Robin and Brian brought up 3 technical issues with normal NAT'ing:
(1) Unreachability of hosts behind NAT
(2) Translation issues (processing complexity, exhaustion of external
address pool, premature state expiry)
(3) Loss of end-to-end semantics
Here is how Six/One Router mitigates these issues:
(1) Hosts reachable at edge and transit addresses
This requires DNS proxies in upgraded (i.e., Six/One-Router-
capable) edge networks: Receiving an A/AAAA query, a proxy
queries for both edge and transit addresses. The full reply is
forwarded to Six/One routers (to be used for mapping), but only
edge addresses are forwarded to the resolver. There are 3
options for realizing this (many credits to Stéphane Bortzmeyer):
(1a) Both edge and transit addresses are returned in standard
A/AAAA records, and extra (newly defined) "E/EEEE" records
indicate which ones are edge addresses. The DNS proxy
forwards only the A/AAAA records that include edge
addresses to the resolver. This is compatible with DNSSEC
because forwarded records are unchanged.
(1b) Transit addresses are returned in A/AAAA records, edge
addresses in E/EEEE records. The DNS proxy converts the
E/EEEE records into A/AAAA records and forwards them to the
resolver. DNSSEC can only be used between the proxy and
the DNS servers; the resolver must trust the proxy.
(1c) Like (1b), but DNSSEC signatures for E/EEEE records are
computed as if the record type was that of A/AAAA records.
DNSSEC end-to-end between the DNS servers and the resolver.
DNS proxies may be configured into hosts as DNS servers, or they
may be co-located in Six/One routers to intercept DNS queries
leaving the edge network. The latter enables hosts to use DNS
servers outside their edge network.
(2) 1-to-1 NAT'ing whenever possible
Most of the issues with today's NATs are specific to many-to-1
translation and absent from 1-to-1 translation. Address
translation in Six/One Router can always be 1-to-1. Only when a
host in an upgraded edge network communicates with an IPv4-only
host in a legacy edge network, many-to-1 translation may be more
desired due to IPv4 address scarcity.
If two upgraded edge networks communicate, Six/One Router does
not perform NAT'ing, but rather an equivalent to tunneling.

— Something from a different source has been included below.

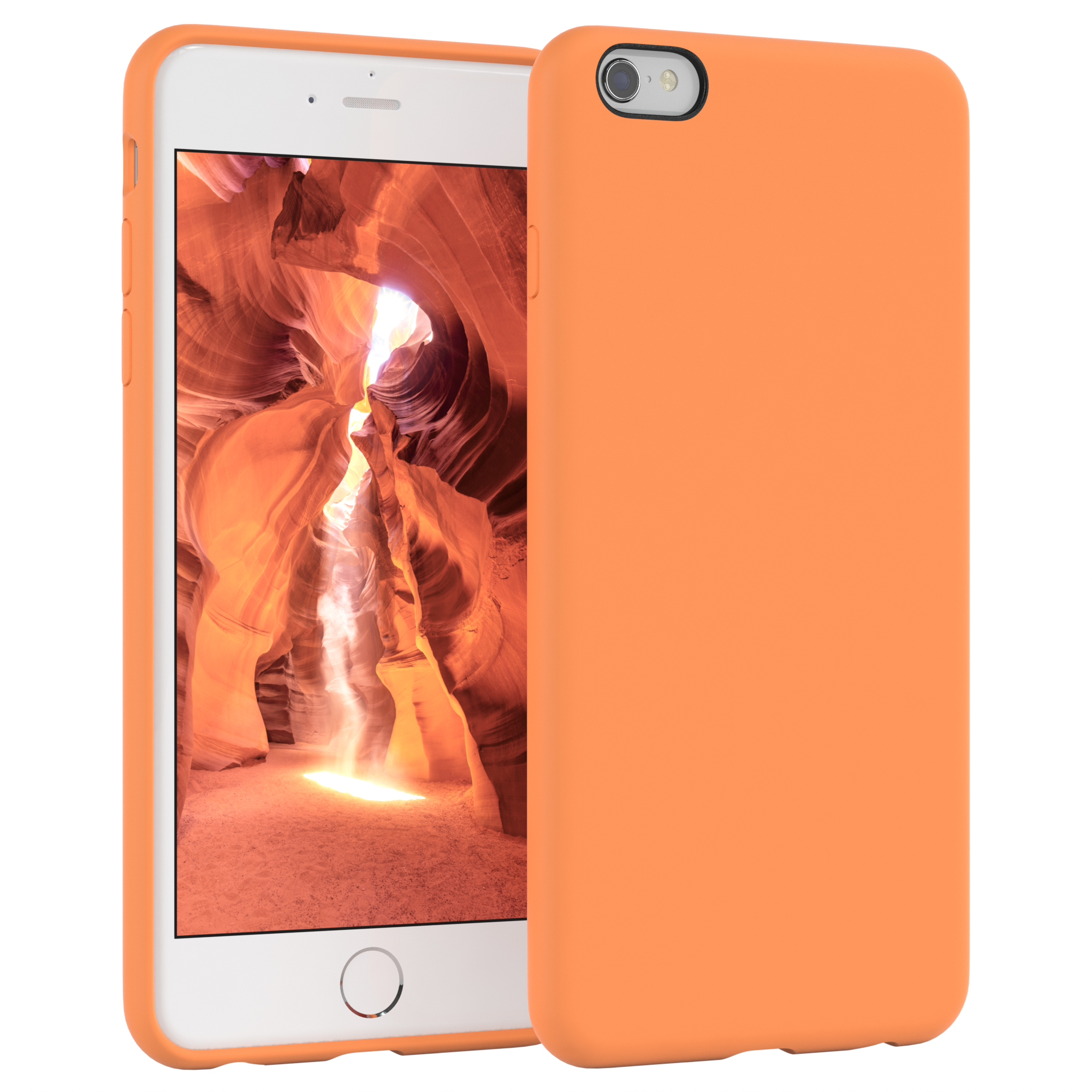 Orange Handyhülle mit Höhlenlandschaft auf dem Bildschirm.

(3) Provide reverse-mapping functionality
A Six/One router has functionality for "inverse" NAT'ing (which
yields an equivalent to tunneling). This eliminates the
disadvantages of NAT'ing when Six/One Router is deployed on both
sides of a packet exchange.
Six/One Router is certainly not a panacea against the adverse impacts
of NATs. But it eliminates some of them from day one, and all of them
for an increasing number of packet exchanges on the long run.